I arrive at the office early on Monday morning and push through a pile of new paperwork to regain my grasp on reality.

Responsible me. Careful me. Dotting-I’s-and-crossing-T’s me.

That kind of Beryl wouldn’t be stupid enough to jump into a stranger’s car. I berate myself for the millionth time for letting the night with Peter unfold the way it did.

Then again, that Beryl also wouldn’t have dared to have cybersex with a rock star. Did that seriously happen? I must have replayed our sexting a million times over in my head yesterday.

I follow up on an email from new clients Phillip and Rebecca James. They’re both trial attorneys and away in different cities to try cases for a few weeks at least. Their address is a Trump property I’ve walked by several times with Jasper and I’m looking forward to scoping out what’s behind its smoked-glass doors.

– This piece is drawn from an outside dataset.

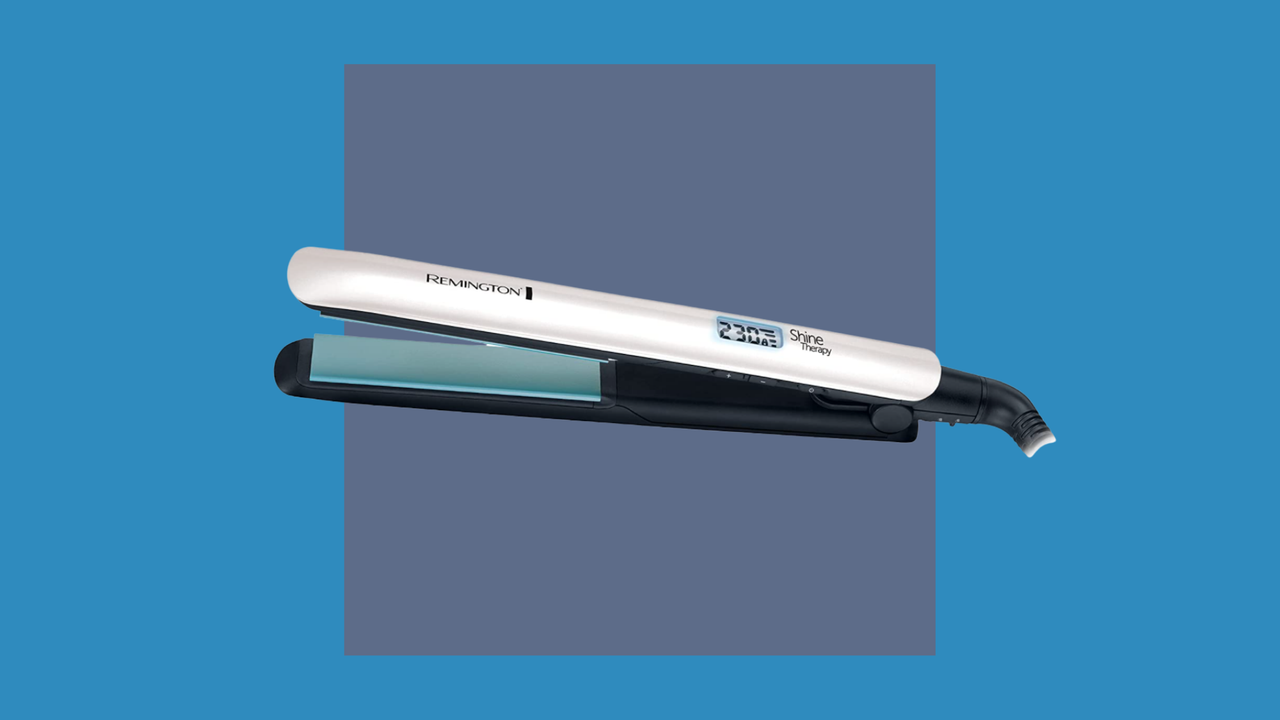 remington straighteners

Dan hasn’t arrived at the office yet but I decide to head out, leaving him a note about the new client.

I notice a peculiar thing about the sidewalk as I approach the Trump apartment tower’s doors—while most New York sidewalks are pockmarked with gum and debris, this sidewalk glows pale gray, as if it is pressure-washed every evening.

It probably is.

I do the ritual identification process with the doorman, which is complicated by the fact that Peter has my driver’s license. Instead, I show the guard my old student ID and the emergency credit card that wasn’t in my clutch Saturday night.

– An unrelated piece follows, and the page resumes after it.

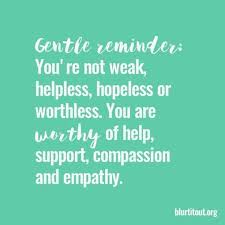 diabeticswithed's tweet image. A little Friday night #recovery inspiration. #T1D #T1ED #diabulimia #eatingdisorders #EDDMT1 #mentalhealth #mentalillness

After inspecting these carefully, the guard finally nods and tucks my business card into a binder.

“I’ll keep this in case another resident needs a referral,” he says, and I thank him, making a mental note to get more cards in the hands of doormen. Referral genius! I hope Dan will be proud.

The lobby is ridiculously overdone with vast slabs of pink marble on floors and walls. The elevators are obsessively polished, not a fingerprint to be found on any brass or mirrored surface.

Which is practically everything.

I watch the buttons light in turn on my way to an upper floor—not the penthouse, but better than halfway to the top. The Jameses will have to climb another twenty stories to truly keep up with the Joneses.

I’d thought I was getting inured to flagrant displays of wealth, but the Jameses prove me wrong—their apartment is a treasure trove of gaudy ostentation.

Everything’s big—a larger-than-life dining room table that seats twelve, its surface polished to a mirror shine. A massive sectional in the living room could host a dozen of my friends for movie night. A folding oriental screen partially hides a television so big it probably required a special freight elevator to move it in.

The walls are covered with art and artifacts, modern and traditional. It seems like Phillip and Rebecca whip out their credit cards whenever the mood strikes.

I look at my list—collect mail, feed and water plants, swap out their DVR for a new one with the cable company, put away deliveries, and organize the baby’s room.

I wonder which of them is traveling with the baby and whether they have a nanny.

The plants are tucked throughout the house on virtually every flat surface, including rock gardens, succulent wreaths, African violets and trailing plants that hang down from the tops of high bookcases.

I get a footstool from the kitchen to reach the plants on the bookcase and glance at the James’s reading material.

Bestsellers. Crime thrillers. Legal reference books. And scads and scads of parenting manuals.

From What to Expect When You’re Expecting to Jenny McCarthy’s Belly Laughs, from hefty manuals on breastfeeding to The No-Cry Sleep Solution, it looks like they’ve got enough reading material to navigate every second of Junior’s first few years.

I’m no stranger to over-analyzing how to parent—my mom put me through the wringer with each counseling class she took. But at some point, I think you’ve just got to put down the instruction manual and try it.

At that thought, I snort. I’m the pot calling the kettle black.

Most of my life has been spent reading the instructions and the safety warnings and the fine print—all of it before I dared to do something.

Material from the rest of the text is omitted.